(MATERIAL PROVIDED)

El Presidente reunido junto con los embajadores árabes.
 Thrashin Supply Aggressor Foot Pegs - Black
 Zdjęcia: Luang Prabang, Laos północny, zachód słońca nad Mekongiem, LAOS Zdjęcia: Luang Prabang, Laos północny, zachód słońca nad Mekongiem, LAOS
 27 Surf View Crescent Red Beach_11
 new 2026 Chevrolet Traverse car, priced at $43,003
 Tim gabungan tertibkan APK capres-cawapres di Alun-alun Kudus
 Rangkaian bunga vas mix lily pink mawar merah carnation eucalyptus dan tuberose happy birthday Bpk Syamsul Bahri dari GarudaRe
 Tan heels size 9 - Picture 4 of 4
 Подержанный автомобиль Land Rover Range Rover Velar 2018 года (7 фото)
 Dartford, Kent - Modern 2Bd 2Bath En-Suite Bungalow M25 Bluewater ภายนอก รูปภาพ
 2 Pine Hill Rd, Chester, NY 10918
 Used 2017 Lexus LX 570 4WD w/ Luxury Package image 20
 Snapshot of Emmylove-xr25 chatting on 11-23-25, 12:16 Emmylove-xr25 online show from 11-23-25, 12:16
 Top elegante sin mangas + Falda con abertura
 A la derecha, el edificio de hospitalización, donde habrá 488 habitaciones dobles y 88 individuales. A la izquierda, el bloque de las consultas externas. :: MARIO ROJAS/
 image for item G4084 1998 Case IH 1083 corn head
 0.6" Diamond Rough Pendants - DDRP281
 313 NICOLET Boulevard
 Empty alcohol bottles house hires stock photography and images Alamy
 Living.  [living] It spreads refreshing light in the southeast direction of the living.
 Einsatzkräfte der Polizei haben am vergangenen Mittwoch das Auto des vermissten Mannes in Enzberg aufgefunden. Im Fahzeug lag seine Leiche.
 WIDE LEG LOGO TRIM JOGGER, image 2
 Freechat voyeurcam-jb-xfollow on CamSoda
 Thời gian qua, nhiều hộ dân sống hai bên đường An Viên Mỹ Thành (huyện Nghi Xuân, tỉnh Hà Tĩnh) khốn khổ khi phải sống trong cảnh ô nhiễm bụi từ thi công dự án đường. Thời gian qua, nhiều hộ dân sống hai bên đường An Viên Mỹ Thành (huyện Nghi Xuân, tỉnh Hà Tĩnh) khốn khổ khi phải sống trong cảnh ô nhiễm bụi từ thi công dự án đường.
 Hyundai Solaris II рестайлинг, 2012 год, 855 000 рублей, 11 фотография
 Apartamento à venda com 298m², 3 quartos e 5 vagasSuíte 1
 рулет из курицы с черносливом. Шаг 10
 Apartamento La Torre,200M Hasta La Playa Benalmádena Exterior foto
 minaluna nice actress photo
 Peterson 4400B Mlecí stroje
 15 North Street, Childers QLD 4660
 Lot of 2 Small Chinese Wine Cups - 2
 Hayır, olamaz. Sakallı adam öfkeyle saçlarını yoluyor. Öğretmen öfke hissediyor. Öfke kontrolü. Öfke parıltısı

(End MATERIAL PROVIDED)

## WHAT YOU HAVE TO DO
What's needed is a word-for-word restatement of all the entries.

## REPLY TO THE TASK
El Presidente reunido junto con los embajadores árabes.
 Thrashin Supply Aggressor Foot Pegs - Black
 Zdjęcia: Luang Prabang, Laos północny, zachód słońca nad Mekongiem, LAOS Zdjęcia: Luang Prabang, Laos północny, zachód słońca nad Mekongiem, LAOS
 27 Surf View Crescent Red Beach_11
 new 2026 Chevrolet Traverse car, priced at $43,003
 Tim gabungan tertibkan APK capres-cawapres di Alun-alun Kudus
 Rangkaian bunga vas mix lily pink mawar merah carnation eucalyptus dan tuberose happy birthday Bpk Syamsul Bahri dari GarudaRe
 Tan heels size 9 - Picture 4 of 4
 Подержанный автомобиль Land Rover Range Rover Velar 2018 года (7 фото)
 Dartford, Kent - Modern 2Bd 2Bath En-Suite Bungalow M25 Bluewater ภายนอก รูปภาพ
 2 Pine Hill Rd, Chester, NY 10918
 Used 2017 Lexus LX 570 4WD w/ Luxury Package image 20
 Snapshot of Emmylove-xr25 chatting on 11-23-25, 12:16 Emmylove-xr25 online show from 11-23-25, 12:16
 Top elegante sin mangas + Falda con abertura
 A la derecha, el edificio de hospitalización, donde habrá 488 habitaciones dobles y 88 individuales. A la izquierda, el bloque de las consultas externas. :: MARIO ROJAS/
 image for item G4084 1998 Case IH 1083 corn head
 0.6" Diamond Rough Pendants - DDRP281
 313 NICOLET Boulevard
 Empty alcohol bottles house hires stock photography and images Alamy
 Living.  [living] It spreads refreshing light in the southeast direction of the living.
 Einsatzkräfte der Polizei haben am vergangenen Mittwoch das Auto des vermissten Mannes in Enzberg aufgefunden. Im Fahzeug lag seine Leiche.
 WIDE LEG LOGO TRIM JOGGER, image 2
 Freechat voyeurcam-jb-xfollow on CamSoda
 Thời gian qua, nhiều hộ dân sống hai bên đường An Viên Mỹ Thành (huyện Nghi Xuân, tỉnh Hà Tĩnh) khốn khổ khi phải sống trong cảnh ô nhiễm bụi từ thi công dự án đường. Thời gian qua, nhiều hộ dân sống hai bên đường An Viên Mỹ Thành (huyện Nghi Xuân, tỉnh Hà Tĩnh) khốn khổ khi phải sống trong cảnh ô nhiễm bụi từ thi công dự án đường.
 Hyundai Solaris II рестайлинг, 2012 год, 855 000 рублей, 11 фотография
 Apartamento à venda com 298m², 3 quartos e 5 vagasSuíte 1
 рулет из курицы с черносливом. Шаг 10
 Apartamento La Torre,200M Hasta La Playa Benalmádena Exterior foto
 minaluna nice actress photo
 Peterson 4400B Mlecí stroje
 15 North Street, Childers QLD 4660
 Lot of 2 Small Chinese Wine Cups - 2
 Hayır, olamaz. Sakallı adam öfkeyle saçlarını yoluyor. Öğretmen öfke hissediyor. Öfke kontrolü. Öfke parıltısı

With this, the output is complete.